## About this task
In the data that follows, every line containing the word "from" should be returned.
——————
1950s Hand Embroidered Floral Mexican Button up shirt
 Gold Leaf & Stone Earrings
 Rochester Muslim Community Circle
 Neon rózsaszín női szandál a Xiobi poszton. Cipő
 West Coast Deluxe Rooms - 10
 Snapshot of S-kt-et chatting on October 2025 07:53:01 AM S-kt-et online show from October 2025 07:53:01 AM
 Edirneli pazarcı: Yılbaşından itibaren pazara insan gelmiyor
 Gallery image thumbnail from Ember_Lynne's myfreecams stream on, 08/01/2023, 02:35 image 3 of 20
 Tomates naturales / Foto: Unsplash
——————
## Solution to the exercise
 Snapshot of S-kt-et chatting on October 2025 07:53:01 AM S-kt-et online show from October 2025 07:53:01 AM
 Gallery image thumbnail from Ember_Lynne's myfreecams stream on, 08/01/2023, 02:35 image 3 of 20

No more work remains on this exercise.